Incendiò l’automobile del suo debitore per ottenere la restituzione di 5000 euro. Arriva la sentenza della Corte di Cassazione

21 Aprile 2019 - 12:00

Caserta – E’ stato condannato anche in un’ultima istanza, dinanzi alla Corte di Cassazione, Gennaro D.A.

L’uomo aveva cercato di far valere un suo titolo di credito di circa 5000 euro minacciando e addirittura incendiando l’auto del suo debitore, un imprenditore.

Il legale del signor D.A. aveva tentato di far derubricare l’imputazione da tentata estorsione ad esercizio arbitrario delle proprie ragioni, ma la Cassazione non ha accolto la sua richiesta, respingendo il ricorso.

Il dispositivo della sentenza, testualmente recita:

“All’esito delle indagini – scrivono nelle motivazioni – è emerso che la vittima era in effetti debitore per la somma di 5.100,00 euro, oggetto della richiesta con modalità violente e minacciose.

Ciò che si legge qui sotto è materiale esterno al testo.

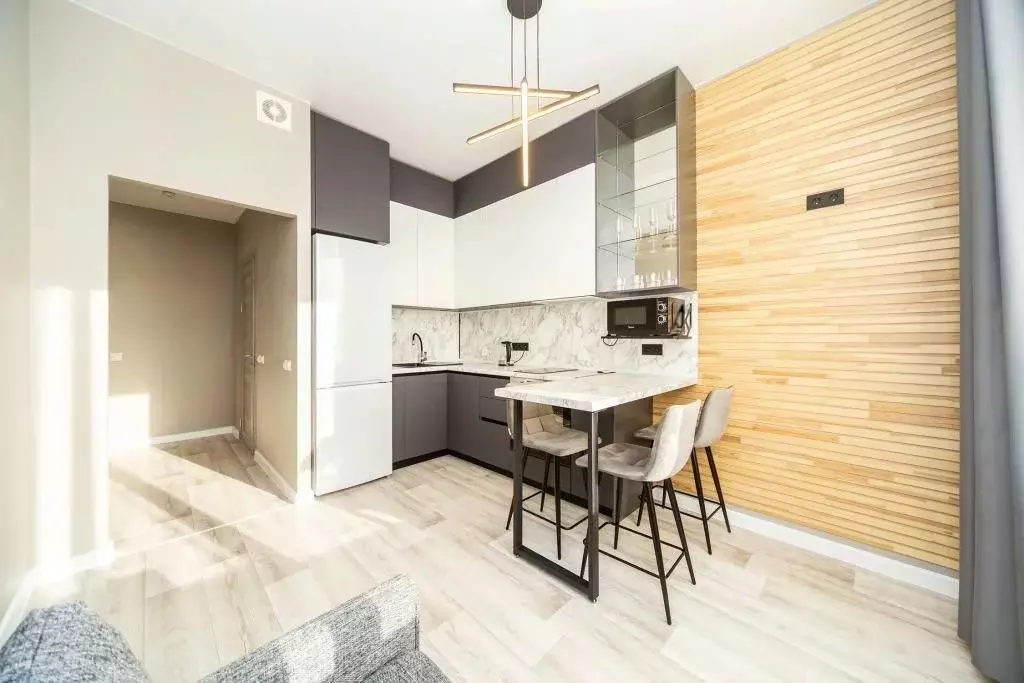 1-к кв. Пермский край, Пермь ул. Серебристая, 16 (40.0 м) - Фото 1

Tale somma era il corrispettivo di una prestazione fornita dal ricorrente all’azienda della persona offesa e, sotto tale profilo, la pretesa dell’imputato è da ritenersi legittima. In relazione alla somma, e fino ad una maggiore concorrenza, però, la vittima, in qualità di terzo pignorato, così come il debitore, avevano ricevuto la notifica di pignoramento presso terzi a favore di un altro creditore dell’imputato. A seguito di tale notifica la somma di 5.100,00 euro non poteva più essere direttamente versata all’imputato. La circostanza che la vittima avesse ricevuto la notifica di un pignoramento presso terzi proprio da un creditore dello stesso imputato, infatti, rendeva per lo stesso indisponibile ogni credito da questo vantato nei sui confronti. In tale contesto, pertanto, il credito del ricorrente, pure legittimo, non era esigibile ed l’imputato non avrebbe potuto rivolgersi al giudice civile per ottenerne il pagamento, di talché il ricorso alla violenza o minaccia, in difetto dei presupposti richiesti dalla norma, non configura la fattispecie dell’esercizio arbitrario delle proprie ragioni ma il reato di estorsione”.

La condanna di un anno ed otto mesi è stata dunque confermata per l’imputato casertano.